Petrouska Clarkson developed the idea of the Unfinished or transferential relationship. This kind of relationship is observed in the workplace, in schools etc, whereby a person projects unfinished and unresolved resentment, dissatisfaction and anger on to a representative authority figure who is in effect a mother/father substitute and the origin of all the unfinished stuff.
The question is how do we deal with this and get through every day without becoming ill.

I think understanding the psychodynamics of the institution helps, i.e. BaF. It is an institution and you have to get over it or get out. If it’s an average secondary school it will be too big and to be honest you won’t have the power or influence to reduce its size.

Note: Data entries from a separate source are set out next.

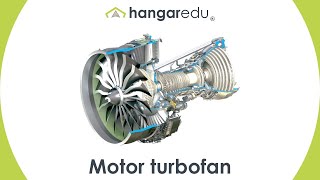 Sistemas de Propulsión: Turbofan (Turboventilador)  Motor de Turbina de Gas de Ciclo Brayton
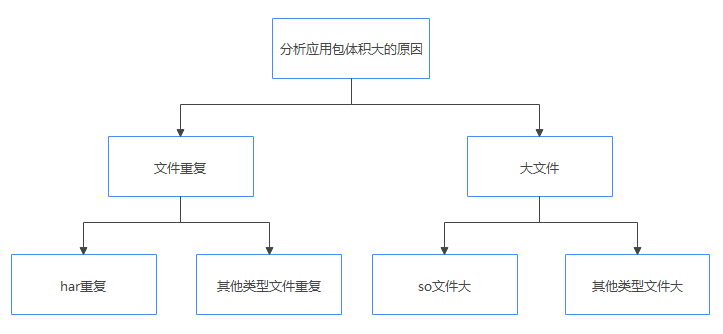 应用包体积大小优化解决方案 -鸿蒙开发者社区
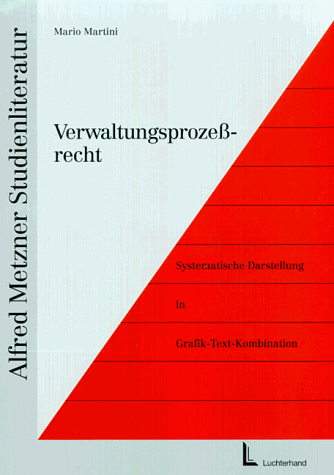 Verwaltungsprozessrecht: Grafische Darstellungen, Erläuterungen, Fälle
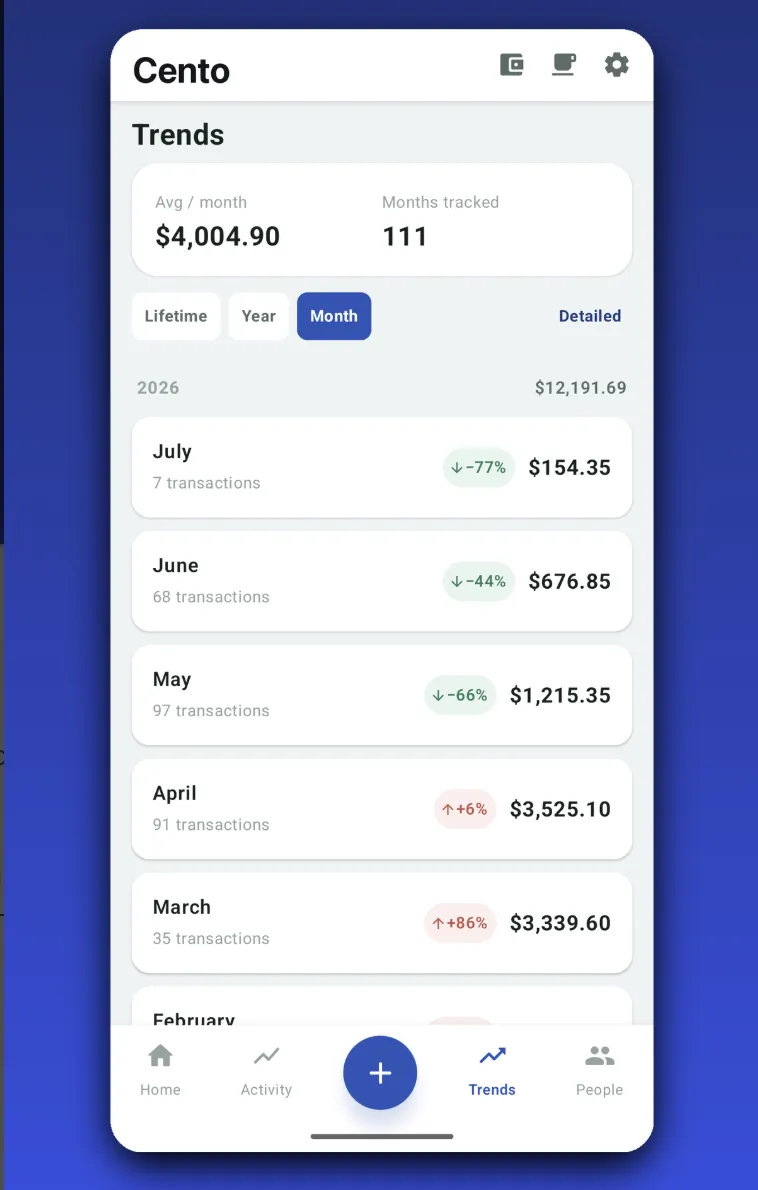 Cento trends screen listing monthly spending totals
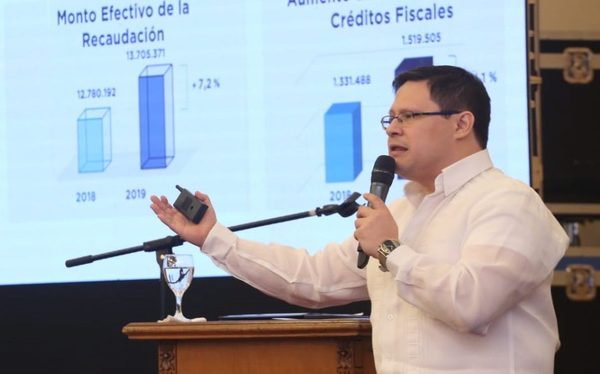 Tributación no postergará calendario de pagos de IRP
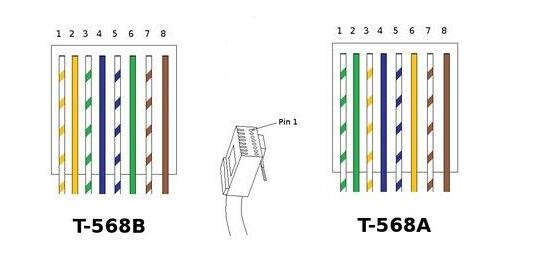 网线/双绞线相关知识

Be aware that people will be in the paranoid-schizoid position and that anybody in depressive position will be attacked as the soft underbelly, if you’re a decent understanding person you may have to recognise this and move on. It happened to me!
Be aware of being drawn into the Karpmann drama triangle- persecutor-victim –rescuer- google this for an explanation. The drama triangle is where people play games with each other- read TA Today. Stay outside of this by using immediacy, depersonalising responses e.g.” I ‘d like to talk to you right now John , but I’ve got to be on duty as we haven’t got enough staff.”, waiting, using “I “statements like “I need “and “I want”. Be matter of fact- Miss Jones was unhappy with your behaviour in class and this is the time of your detention or I’m quite happy to listen to you, but I can only see you at this time. We’ll talk about it a 3.15 etc.
Most Transactional Analysis therapists when faced with a client’s anger would not recognise it, statements could include “Keep going, you doing really well.” or “Any more?” or “Have you finished?” with a dead pan voice. You need to be careful here as these statements could come across as sarcastic. The idea is for the person to hear how they’re sounding and force them to be aware that they’re the only person in the drama triangle or game. Eric Berne called this Martian thinking as Martians, not being from earth, only understand the literal meaning of things and do not pick up on the subtext i.e. the aggression, tone of voice etc. Wait for the student to say something meaningful , you don’t have to respond otherwise. “A wise man knows when to keep his mouth shut”.

A lot of the drama triangle games will seem to have parallels with symbiotic relationships experienced by people who have borderline structure and people in contact with them. A lot of young people will go through borderline arrest, in my experience depending on family background and perhaps as a reaction to the trauma of being in a damaging system and institution. This borderline structure can be encountered in secondary schools, even primary and is common in PRUs. Selective symbiosis sometimes is necessary or passive behaviours (agitation,doing nothing, overadaptation,incapacition or violence-e.g. kicking a door in or cutting up) can be escalated as the student will perceive your ignoring or your calmness as abandonment. Recognising the anger usually works. “I can see that you’re really angry and I’m just wondering if it’s me you’re angry with or someone I represent or remind you of.” “ You seem really angry right now, I’m prepared to talk to you, but I don’t talk to you like that and I expect the same respect in return, that’s the situation.” “I’m going to wait over here and I’ll be available when you’re ready to talk to me calmly.” Leave plenty of space for the student to think (take up time) and stroke any positive attempt to communicate their needs responsibly. “Thanks John, I’m really glad you’re telling me what happened, we can communicate after all.”Choose your phrasing and tone carefully as this helps avoid inviting drivers. Inviting “be strong” would be counter productive, inviting “please others” is a bit manipulative, but would be useful in the long run, see overadaptation. e.g.” I was really hoping that you’d be able to help me understand what happened.”
Again see TA Today and Personality Adaptations ( Vann Joines, Ian Stewart- Life space publishing)

Make sure you get a supervisor, counsellor to offload and process the feelings that are being brought up within you.

Remember you can’t have your cake and eat it, don’t expect an institution to be healthy psychically.